◆ ASSIGNMENT ◆
Verbatim output of the lines below is required, with the images omitted.

◆ SUPPLIED MATERIAL ◆
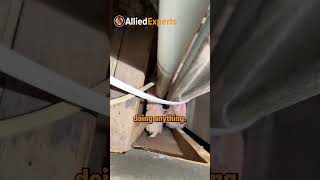 How split-level homes can negatively impact efficiency - limiting energy loss!🔋 #energy #home #hvac Wealth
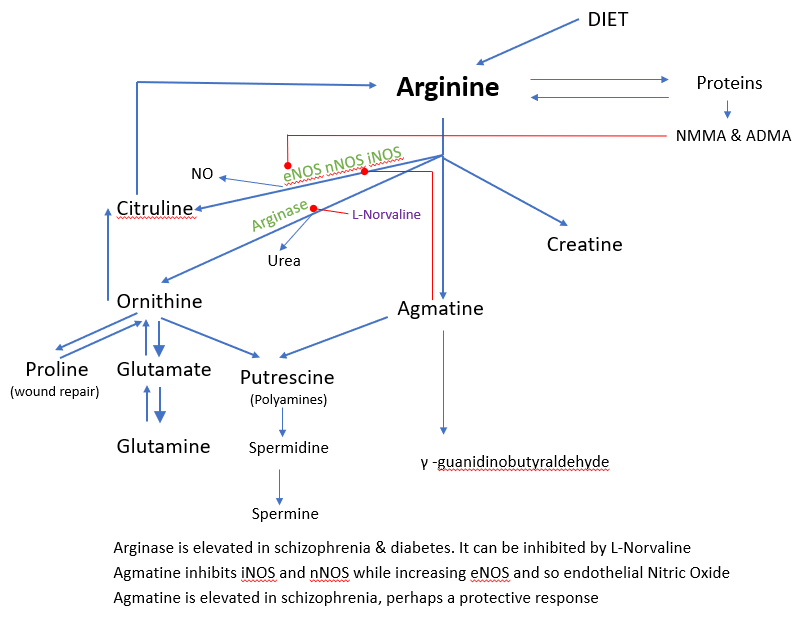 Epiphany Arginine and its Derivatives in Cognitive Impairment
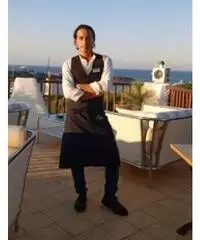 Barman per cocktail bar/hotel Barman per cocktail bar/hotel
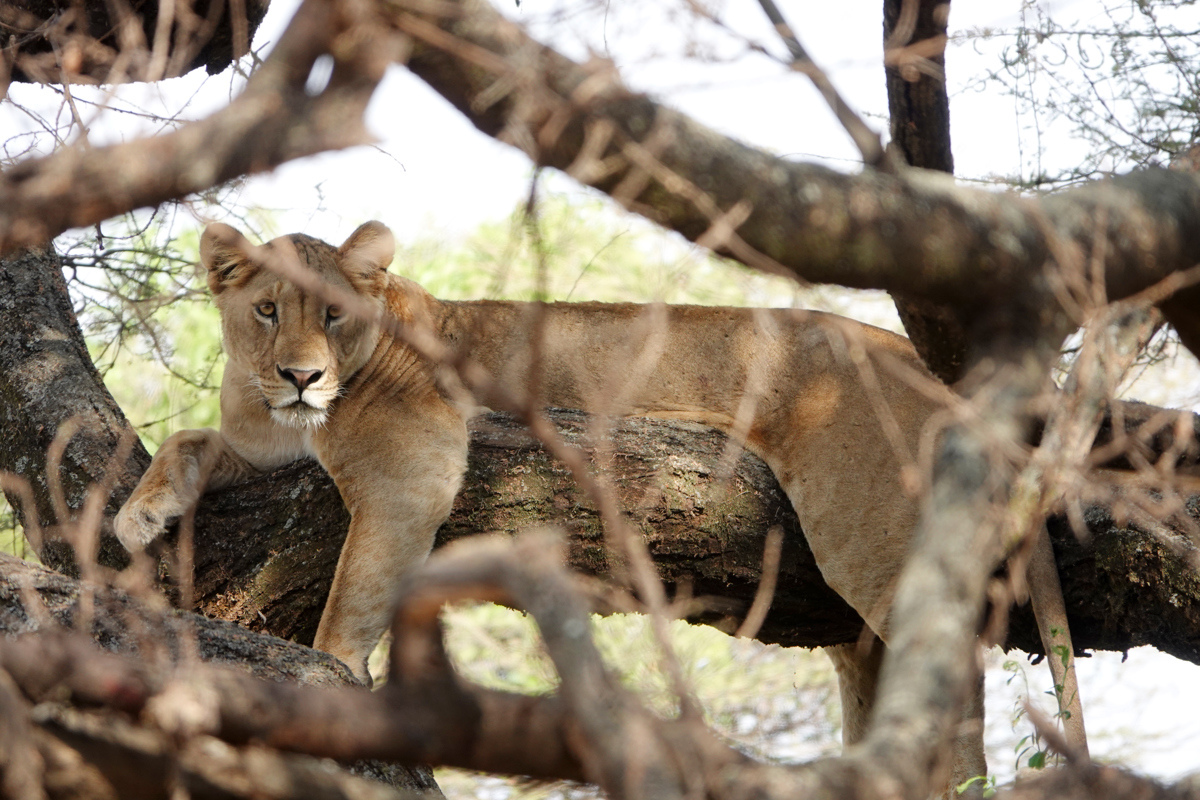 Tree climbing lion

◆ SOLUTION ◆
 How split-level homes can negatively impact efficiency - limiting energy loss!🔋 #energy #home #hvac Wealth
 Epiphany Arginine and its Derivatives in Cognitive Impairment
 Barman per cocktail bar/hotel Barman per cocktail bar/hotel
 Tree climbing lion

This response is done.